I would refer to the statement made by my right hon. Friend the Chancellor of the Exchequer on 7th November.

Mrs. Castle

Is it not a fact that the right hon. Gentleman starts in a very advantageous position because of the fact that his predecessors have left him such excellent stocks of timber which, by the end of this year, will be three times as large as a year ago?

Mr. Macmillan

I do not wish to argue now about figures for softwood. All I care about is that the houses should be built, and if they can be built I hope everybody else will be equally pleased.

Colonel Gomme-Duncan

Would my right hon. Friend not agree that it was very wise to put this matter back in the hands of private enterprise?

Mr. Macmillan

Certainly the purchasing of timber had to be returned to private enterprise, and I think that is a matter of general agreement on all sides of the House.

Mrs. Castle

Is it not a fact that the excellent stocks which the right hon. Gentleman inherits are due to public buying as well as private buying, and is he not immensely grateful for them?

Mr. Macmillan

When the hon. Lady refers to stocks which I have inherited she must realise that I am only one of the claimants upon softwood stocks. As I understand it, during recent months they have been bought partly by bulk purchase and partly by other methods.

Mr. Hugh Gaitskell

Did I understand the right hon. Gentleman to say that it had definitely been decided to hand back all the importing of timber to private enterprise?

Mr.
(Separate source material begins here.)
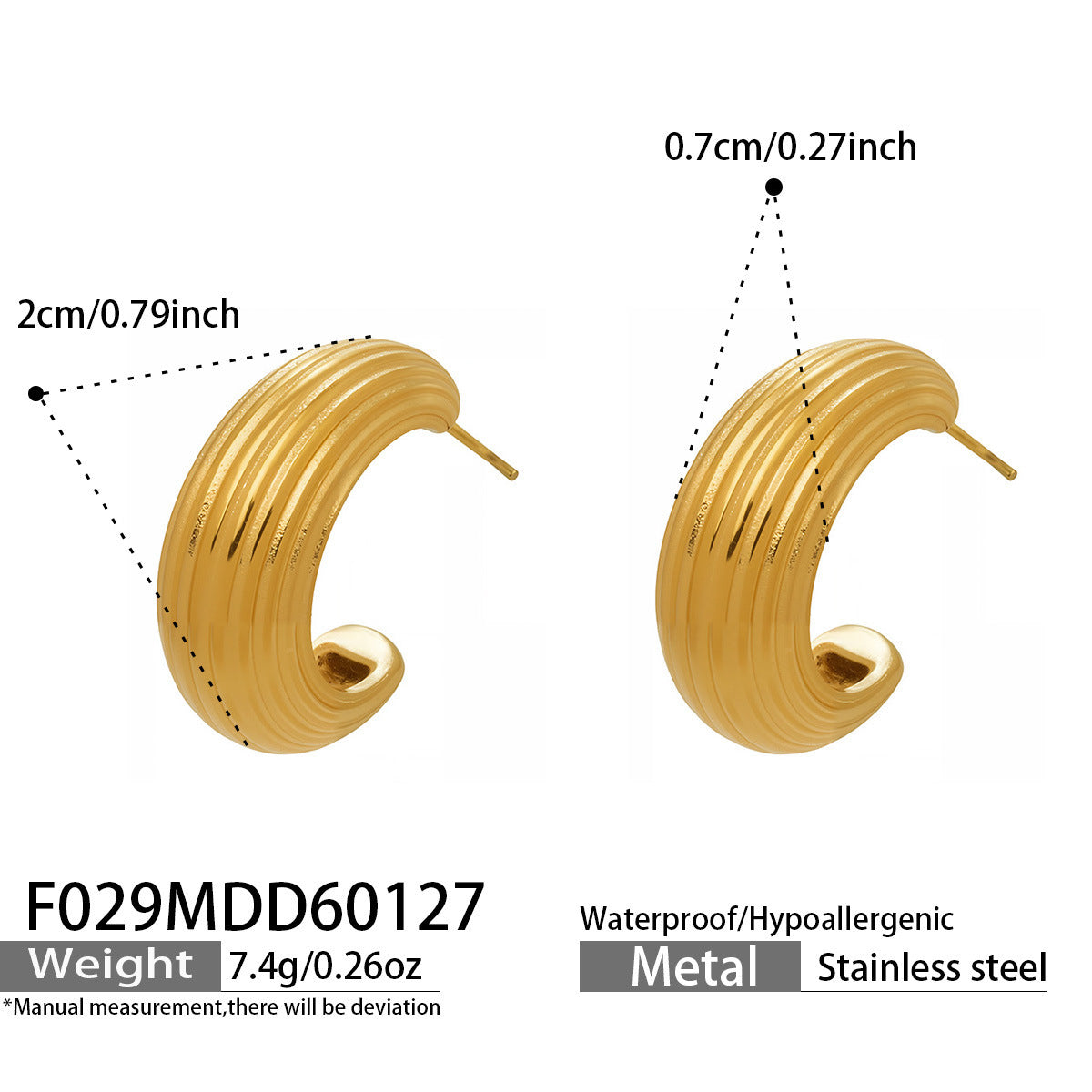 B廠【F029】歐美小眾設計感條紋C型耳環不鏽鋼鍍金小耳圈個性時尚百搭耳飾女
 26.02-1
Macmillan

I understood that that announcement had been made, but it is certainly a matter which I think was generally considered advisable—that the actual purchase would be best carried on by the trade under licence.

Mr. Gaitskell

May I ask the right hon. Gentleman whether he does not recollect that in fact the purchase of timber from Europe was handed back to private enterprise, but not the purchase of timber from dollar countries or from Soviet Russia? Is it intended, at a time of great dollar difficulty, to hand back the purchase of timber to private importers on dollar account, and also from Soviet Russia; and what is the purpose of that?

Mr. Macmillan

This is rather outside my Department. Surely the problem is two-fold. The right hon. Gentleman knows that it is partly a question of the amount of dollars, of lucre, of sterling which may be spent in different areas and it is partly the actual mechanism of purchase. Those are two separate matters. What matters to the Treasury is the quantity of money spent.